Anche quest’anno, con l’approssimarsi delle vacanze di luglio, agosto ed inizio settembre, le domande di rilascio di visti di transito dai Paesi confinanti con la Svizzera si sono moltiplicate.

E con l’aumento delle domande di rilascio si sono dilatati anche i tempi d’attesa. Per protestare contro questa situazione, una delegazione congiunta del SEI e del Forum per l'integrazione dei migranti (FIM) si dunque è recata a Bruxelles.

La rappresentanza elvetica ha chiesto al parlamento europeo che tutti i cittadini extracomunitari possano presentarsi alle frontiere di Schengen con un semplice passaporto e con il permesso di soggiorno in Svizzera, ha precisato Claudio Micheloni, segretario generale del FIM.

Lo spazio di Schengen

Lo spazio europeo senza frontiere prende il nome dalla cittadina lussemburghese dove nel 1985 Francia, Germania, Belgio, Lussemburgo e Paesi Bassi hanno deciso di abolire fra di essi le dogane nazionali.

Dopo il primo accordo è stata elaborata una convenzione, firmata il 19 gennaio 1990 ed entrata in vigore nel 1995, che ha permesso di abolire le frontiere interne tra quattordici dei quindici Stati membri dell’UE (la Gran Bretagna non vi aderisce).
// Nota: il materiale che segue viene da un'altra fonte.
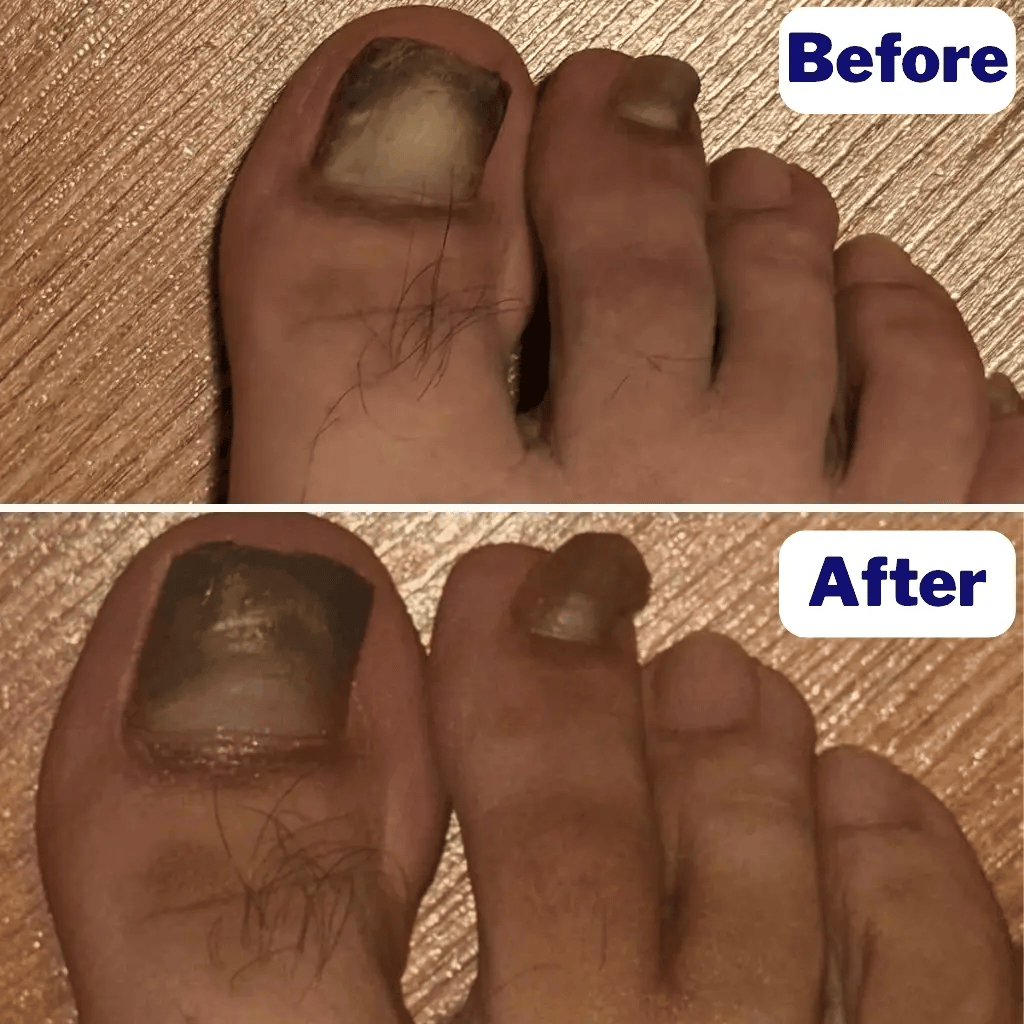 Nail Fungal Patches Pro+ - Image 4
L’Europa senza dogane interne ha permesso di creare una frontiera esterna unica lungo la quale i controlli all'ingresso nello spazio di Schengen vengono effettuati con procedure identiche in materia di visti, diritto d'asilo, secondo il principio della libera circolazione delle persone.

swissinfo

In breve

I sindacati elvetici scendono in campo coi cittadini extracomunitari residenti in Svizzera, costretti a lunghe attese per l'ottenimento del visto di transito UE, indispensabile per tornare via terra ai Paesi d’origine.

Per i sindacati elvetici si tratta di una vera e propria discriminazione operata dall’Unione europea.

Per chiedere l’abolizione della pratica burocratica una delegazione congiunta del Sindacato Edilizia ed Industria e del Forum per l'integrazione dei migranti si è recata a Bruxelles.